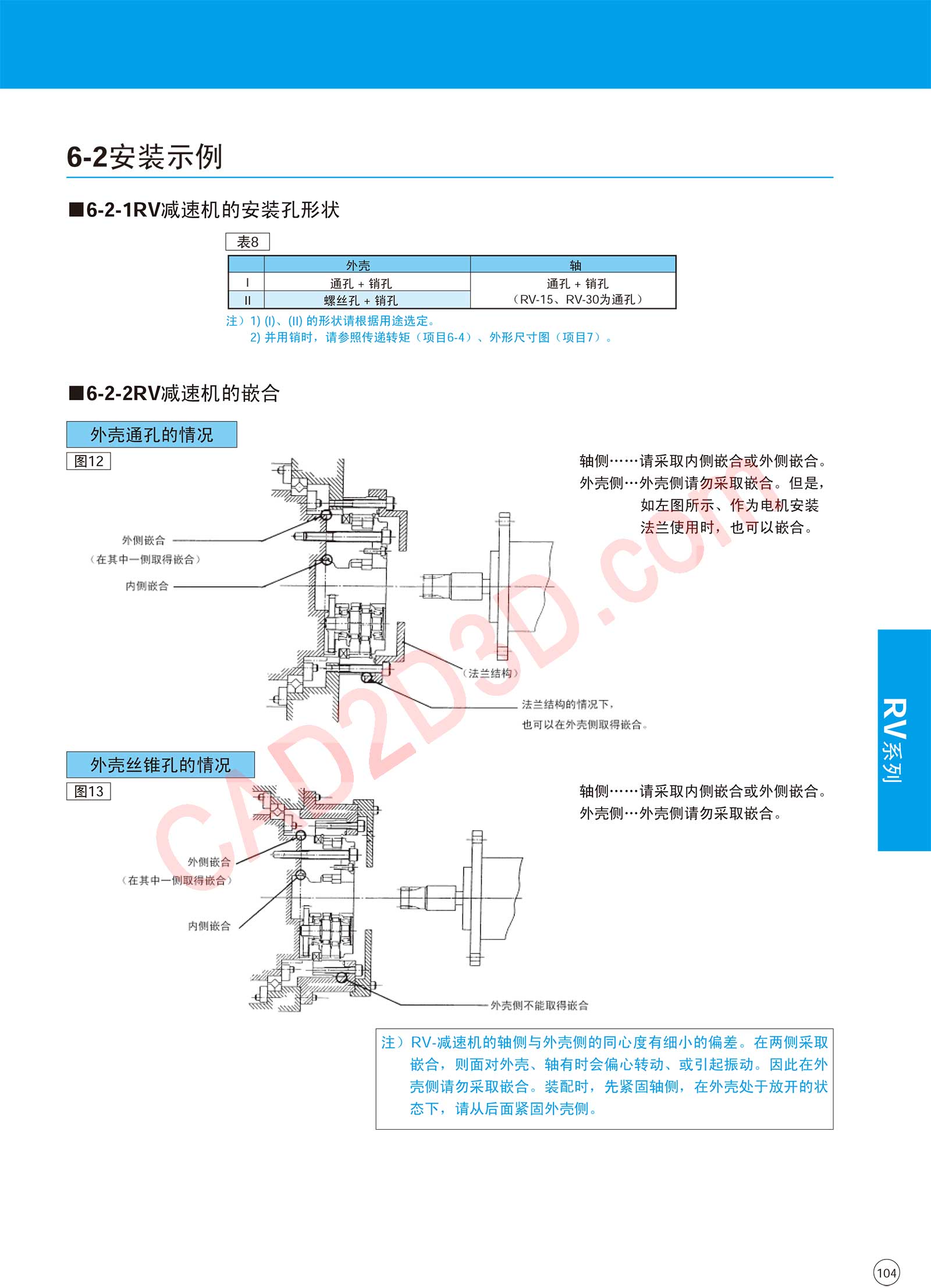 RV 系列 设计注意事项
--
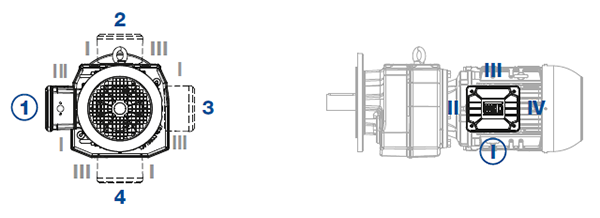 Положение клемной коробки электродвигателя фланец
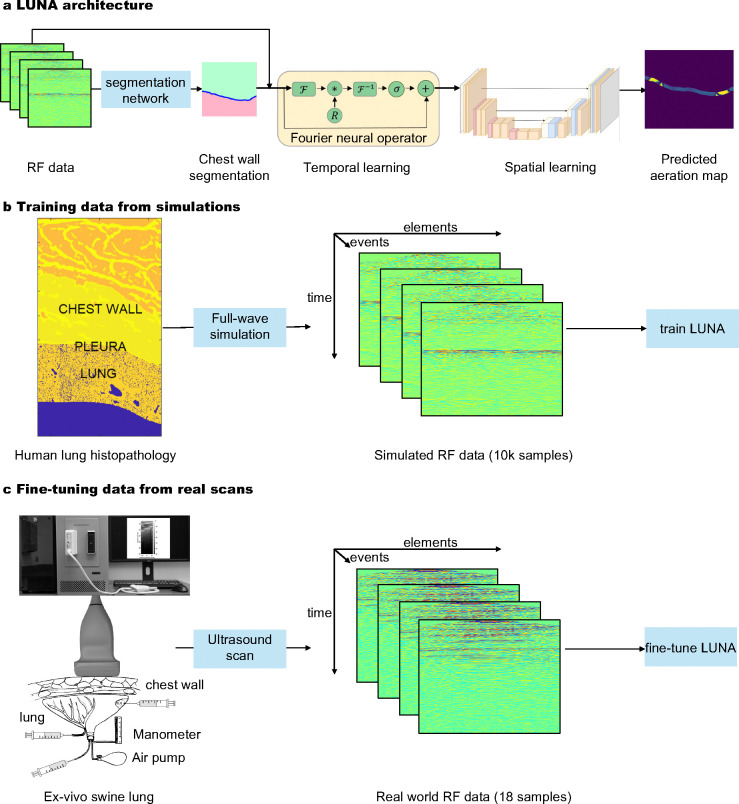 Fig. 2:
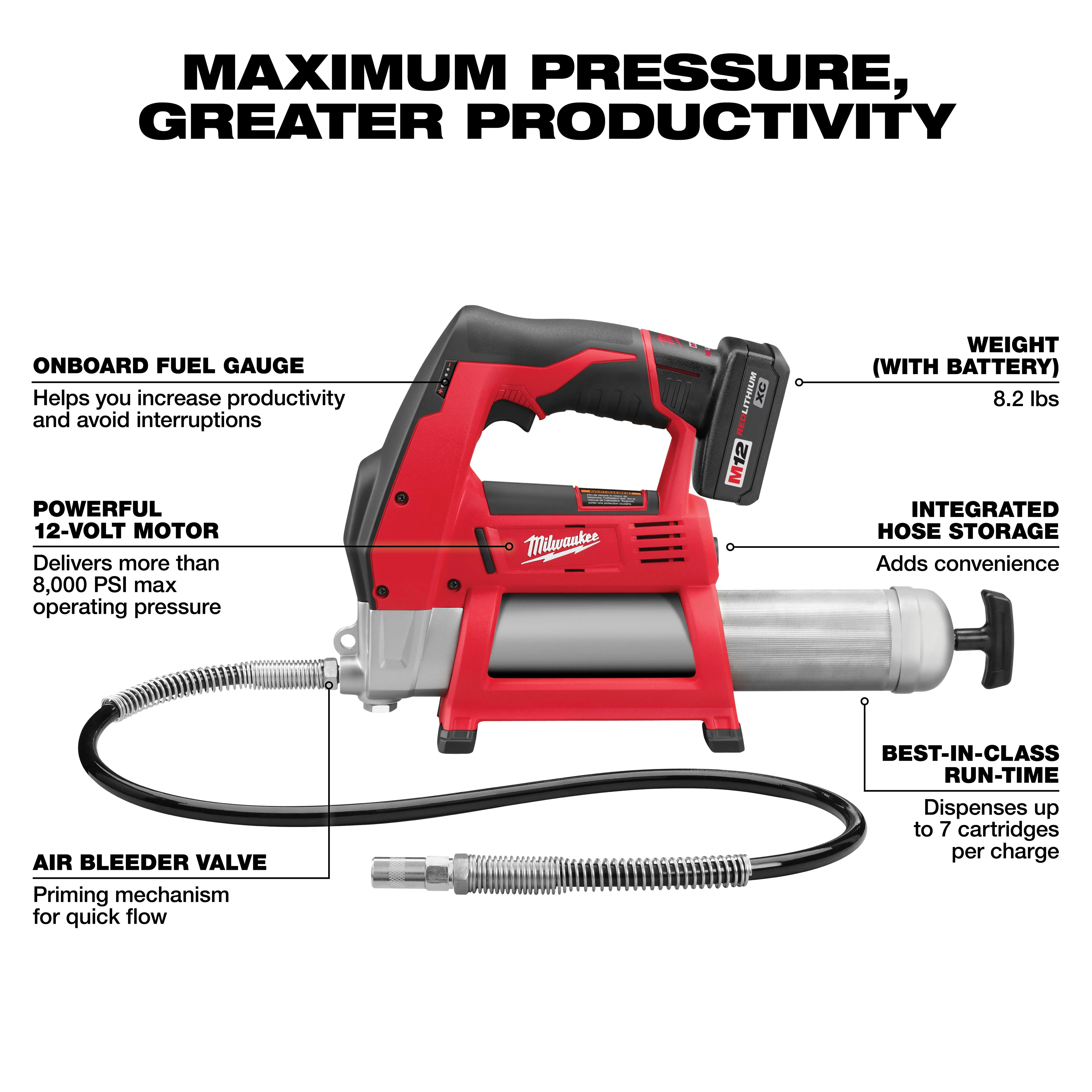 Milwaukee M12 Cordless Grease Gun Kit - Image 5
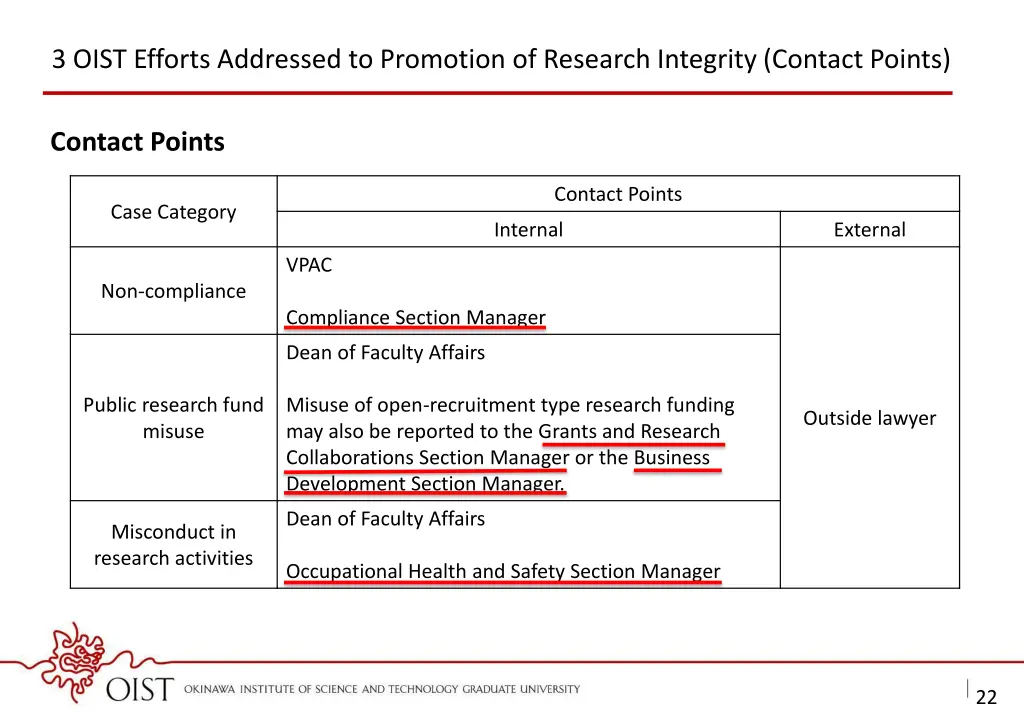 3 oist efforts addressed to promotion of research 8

Exercise description
Copy the entries above exactly, but only the stretch from the line containing "Положение клемной коробки" through the line containing "3 oist efforts". Keep both end lines; drop the pictures.

Result
 Положение клемной коробки электродвигателя фланец
 Fig. 2:
 Milwaukee M12 Cordless Grease Gun Kit - Image 5
 3 oist efforts addressed to promotion of research 8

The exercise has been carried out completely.